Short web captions
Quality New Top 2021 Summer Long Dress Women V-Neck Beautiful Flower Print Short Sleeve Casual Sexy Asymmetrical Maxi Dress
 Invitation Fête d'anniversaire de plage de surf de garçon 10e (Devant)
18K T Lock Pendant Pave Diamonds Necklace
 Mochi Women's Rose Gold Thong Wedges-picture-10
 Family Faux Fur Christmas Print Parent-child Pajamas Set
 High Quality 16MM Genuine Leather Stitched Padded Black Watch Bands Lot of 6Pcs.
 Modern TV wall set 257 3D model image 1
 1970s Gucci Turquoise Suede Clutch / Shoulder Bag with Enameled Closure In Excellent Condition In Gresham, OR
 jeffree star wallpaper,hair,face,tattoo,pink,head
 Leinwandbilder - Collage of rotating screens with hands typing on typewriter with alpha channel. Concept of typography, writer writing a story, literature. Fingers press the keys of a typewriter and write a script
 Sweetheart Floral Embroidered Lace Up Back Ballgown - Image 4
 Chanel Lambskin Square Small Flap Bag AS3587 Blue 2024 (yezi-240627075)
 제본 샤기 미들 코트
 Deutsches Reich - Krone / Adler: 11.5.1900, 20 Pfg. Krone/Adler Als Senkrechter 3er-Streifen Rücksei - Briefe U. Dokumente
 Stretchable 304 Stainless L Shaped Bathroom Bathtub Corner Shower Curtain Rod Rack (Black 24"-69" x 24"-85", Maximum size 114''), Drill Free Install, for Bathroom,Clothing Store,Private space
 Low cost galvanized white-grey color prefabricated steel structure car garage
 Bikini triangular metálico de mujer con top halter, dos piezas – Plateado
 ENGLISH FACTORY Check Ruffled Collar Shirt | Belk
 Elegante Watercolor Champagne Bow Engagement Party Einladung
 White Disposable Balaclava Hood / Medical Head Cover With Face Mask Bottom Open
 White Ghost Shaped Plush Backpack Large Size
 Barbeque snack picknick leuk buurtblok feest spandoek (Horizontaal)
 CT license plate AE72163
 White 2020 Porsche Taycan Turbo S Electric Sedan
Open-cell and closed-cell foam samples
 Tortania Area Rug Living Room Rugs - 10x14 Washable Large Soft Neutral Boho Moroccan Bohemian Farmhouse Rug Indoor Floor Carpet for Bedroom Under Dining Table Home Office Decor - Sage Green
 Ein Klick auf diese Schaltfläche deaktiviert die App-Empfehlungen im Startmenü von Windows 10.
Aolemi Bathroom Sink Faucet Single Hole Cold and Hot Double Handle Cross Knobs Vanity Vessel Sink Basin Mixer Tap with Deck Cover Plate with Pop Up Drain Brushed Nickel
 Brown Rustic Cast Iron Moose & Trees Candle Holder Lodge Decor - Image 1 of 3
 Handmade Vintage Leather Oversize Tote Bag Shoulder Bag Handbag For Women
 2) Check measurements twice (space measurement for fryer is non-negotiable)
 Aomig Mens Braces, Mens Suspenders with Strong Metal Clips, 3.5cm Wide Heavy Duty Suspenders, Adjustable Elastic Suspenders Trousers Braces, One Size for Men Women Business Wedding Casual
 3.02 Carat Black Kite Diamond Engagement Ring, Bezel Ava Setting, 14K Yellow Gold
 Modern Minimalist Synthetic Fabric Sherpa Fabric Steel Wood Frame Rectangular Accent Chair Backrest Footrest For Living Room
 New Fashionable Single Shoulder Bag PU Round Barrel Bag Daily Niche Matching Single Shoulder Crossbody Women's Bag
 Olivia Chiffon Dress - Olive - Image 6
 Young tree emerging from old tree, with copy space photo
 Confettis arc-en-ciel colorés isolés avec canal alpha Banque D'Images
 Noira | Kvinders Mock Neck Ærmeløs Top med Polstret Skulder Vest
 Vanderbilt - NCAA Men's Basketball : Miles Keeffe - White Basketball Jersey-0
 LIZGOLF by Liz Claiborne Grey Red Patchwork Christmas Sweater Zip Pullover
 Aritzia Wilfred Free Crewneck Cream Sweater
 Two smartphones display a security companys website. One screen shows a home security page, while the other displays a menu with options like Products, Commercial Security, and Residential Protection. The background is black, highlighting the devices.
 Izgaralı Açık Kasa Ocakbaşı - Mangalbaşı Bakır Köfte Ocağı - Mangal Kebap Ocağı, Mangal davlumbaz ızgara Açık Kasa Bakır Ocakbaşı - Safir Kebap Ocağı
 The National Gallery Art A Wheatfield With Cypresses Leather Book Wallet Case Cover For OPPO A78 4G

▶ _EXERCISE REQUIREMENTS_
Each line of the data above is to be set down exactly.

▶ _RESPONSE AREA_
Quality New Top 2021 Summer Long Dress Women V-Neck Beautiful Flower Print Short Sleeve Casual Sexy Asymmetrical Maxi Dress
 Invitation Fête d'anniversaire de plage de surf de garçon 10e (Devant)
18K T Lock Pendant Pave Diamonds Necklace
 Mochi Women's Rose Gold Thong Wedges-picture-10
 Family Faux Fur Christmas Print Parent-child Pajamas Set
 High Quality 16MM Genuine Leather Stitched Padded Black Watch Bands Lot of 6Pcs.
 Modern TV wall set 257 3D model image 1
 1970s Gucci Turquoise Suede Clutch / Shoulder Bag with Enameled Closure In Excellent Condition In Gresham, OR
 jeffree star wallpaper,hair,face,tattoo,pink,head
 Leinwandbilder - Collage of rotating screens with hands typing on typewriter with alpha channel. Concept of typography, writer writing a story, literature. Fingers press the keys of a typewriter and write a script
 Sweetheart Floral Embroidered Lace Up Back Ballgown - Image 4
 Chanel Lambskin Square Small Flap Bag AS3587 Blue 2024 (yezi-240627075)
 제본 샤기 미들 코트
 Deutsches Reich - Krone / Adler: 11.5.1900, 20 Pfg. Krone/Adler Als Senkrechter 3er-Streifen Rücksei - Briefe U. Dokumente
 Stretchable 304 Stainless L Shaped Bathroom Bathtub Corner Shower Curtain Rod Rack (Black 24"-69" x 24"-85", Maximum size 114''), Drill Free Install, for Bathroom,Clothing Store,Private space
 Low cost galvanized white-grey color prefabricated steel structure car garage
 Bikini triangular metálico de mujer con top halter, dos piezas – Plateado
 ENGLISH FACTORY Check Ruffled Collar Shirt | Belk
 Elegante Watercolor Champagne Bow Engagement Party Einladung
 White Disposable Balaclava Hood / Medical Head Cover With Face Mask Bottom Open
 White Ghost Shaped Plush Backpack Large Size
 Barbeque snack picknick leuk buurtblok feest spandoek (Horizontaal)
 CT license plate AE72163
 White 2020 Porsche Taycan Turbo S Electric Sedan
Open-cell and closed-cell foam samples
 Tortania Area Rug Living Room Rugs - 10x14 Washable Large Soft Neutral Boho Moroccan Bohemian Farmhouse Rug Indoor Floor Carpet for Bedroom Under Dining Table Home Office Decor - Sage Green
 Ein Klick auf diese Schaltfläche deaktiviert die App-Empfehlungen im Startmenü von Windows 10.
Aolemi Bathroom Sink Faucet Single Hole Cold and Hot Double Handle Cross Knobs Vanity Vessel Sink Basin Mixer Tap with Deck Cover Plate with Pop Up Drain Brushed Nickel
 Brown Rustic Cast Iron Moose & Trees Candle Holder Lodge Decor - Image 1 of 3
 Handmade Vintage Leather Oversize Tote Bag Shoulder Bag Handbag For Women
 2) Check measurements twice (space measurement for fryer is non-negotiable)
 Aomig Mens Braces, Mens Suspenders with Strong Metal Clips, 3.5cm Wide Heavy Duty Suspenders, Adjustable Elastic Suspenders Trousers Braces, One Size for Men Women Business Wedding Casual
 3.02 Carat Black Kite Diamond Engagement Ring, Bezel Ava Setting, 14K Yellow Gold
 Modern Minimalist Synthetic Fabric Sherpa Fabric Steel Wood Frame Rectangular Accent Chair Backrest Footrest For Living Room
 New Fashionable Single Shoulder Bag PU Round Barrel Bag Daily Niche Matching Single Shoulder Crossbody Women's Bag
 Olivia Chiffon Dress - Olive - Image 6
 Young tree emerging from old tree, with copy space photo
 Confettis arc-en-ciel colorés isolés avec canal alpha Banque D'Images
 Noira | Kvinders Mock Neck Ærmeløs Top med Polstret Skulder Vest
 Vanderbilt - NCAA Men's Basketball : Miles Keeffe - White Basketball Jersey-0
 LIZGOLF by Liz Claiborne Grey Red Patchwork Christmas Sweater Zip Pullover
 Aritzia Wilfred Free Crewneck Cream Sweater
 Two smartphones display a security companys website. One screen shows a home security page, while the other displays a menu with options like Products, Commercial Security, and Residential Protection. The background is black, highlighting the devices.
 Izgaralı Açık Kasa Ocakbaşı - Mangalbaşı Bakır Köfte Ocağı - Mangal Kebap Ocağı, Mangal davlumbaz ızgara Açık Kasa Bakır Ocakbaşı - Safir Kebap Ocağı
 The National Gallery Art A Wheatfield With Cypresses Leather Book Wallet Case Cover For OPPO A78 4G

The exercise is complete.